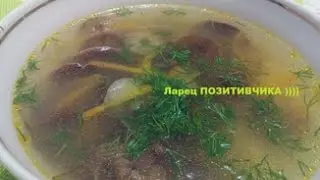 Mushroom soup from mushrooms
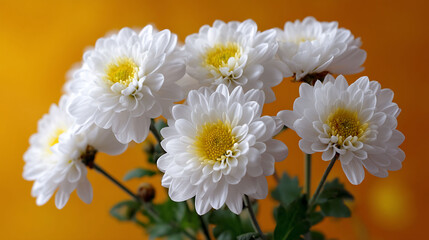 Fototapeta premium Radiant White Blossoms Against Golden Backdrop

· · · · · · ·

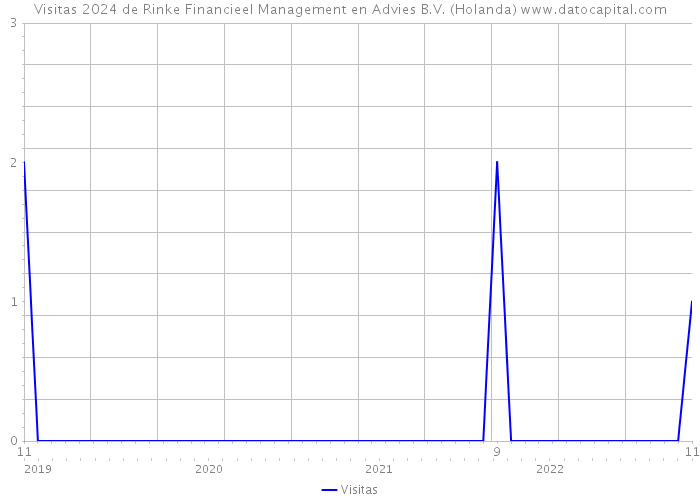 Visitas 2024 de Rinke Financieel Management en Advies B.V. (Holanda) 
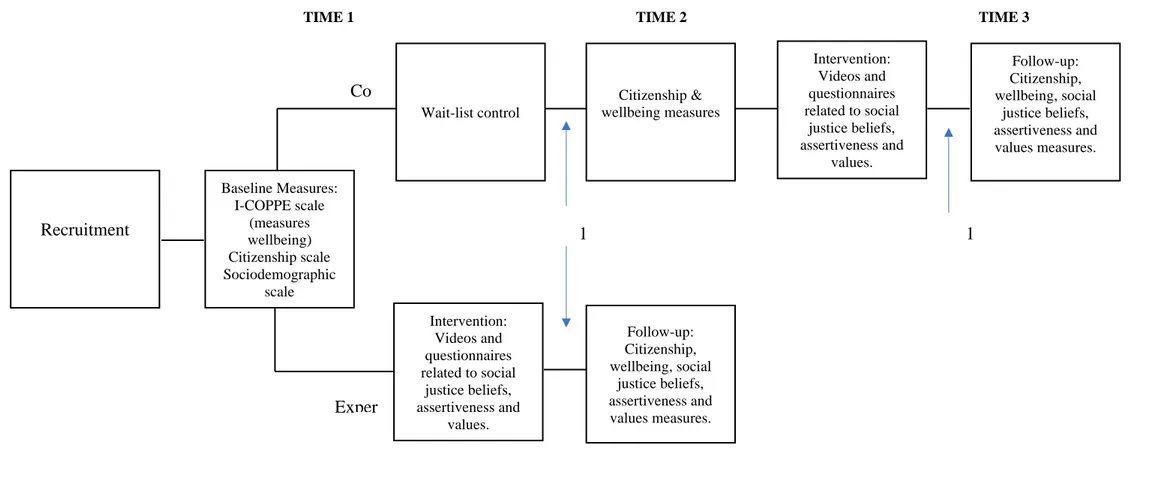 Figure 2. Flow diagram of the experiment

· · · · · · ·

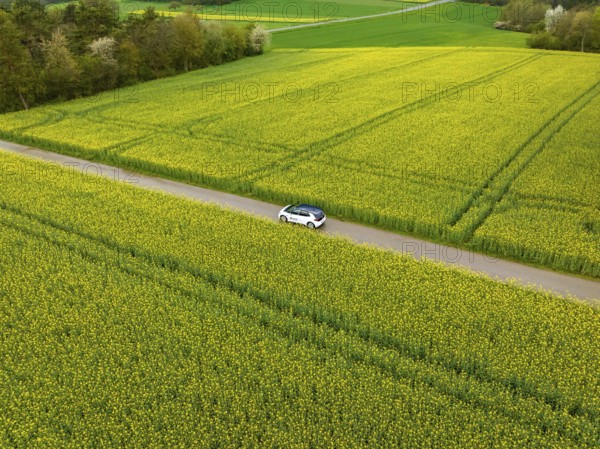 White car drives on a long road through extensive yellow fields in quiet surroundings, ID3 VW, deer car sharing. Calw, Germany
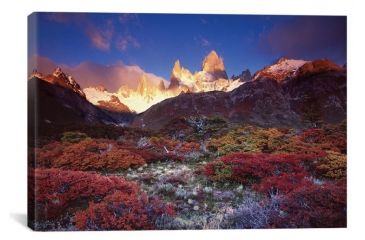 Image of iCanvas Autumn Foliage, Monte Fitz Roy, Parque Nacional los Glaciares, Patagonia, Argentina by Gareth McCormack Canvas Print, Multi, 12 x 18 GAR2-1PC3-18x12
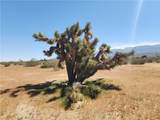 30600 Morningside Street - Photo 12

· · · · · · ·

TRY IT -
Your answer should be the lines above, word for word, from the line with "Image of iCanvas" through the line with "30600 Morningside Street - Photo 12", minus the pictures.

RESULT OF THIS TASK -
 Image of iCanvas Autumn Foliage, Monte Fitz Roy, Parque Nacional los Glaciares, Patagonia, Argentina by Gareth McCormack Canvas Print, Multi, 12 x 18 GAR2-1PC3-18x12
 30600 Morningside Street - Photo 12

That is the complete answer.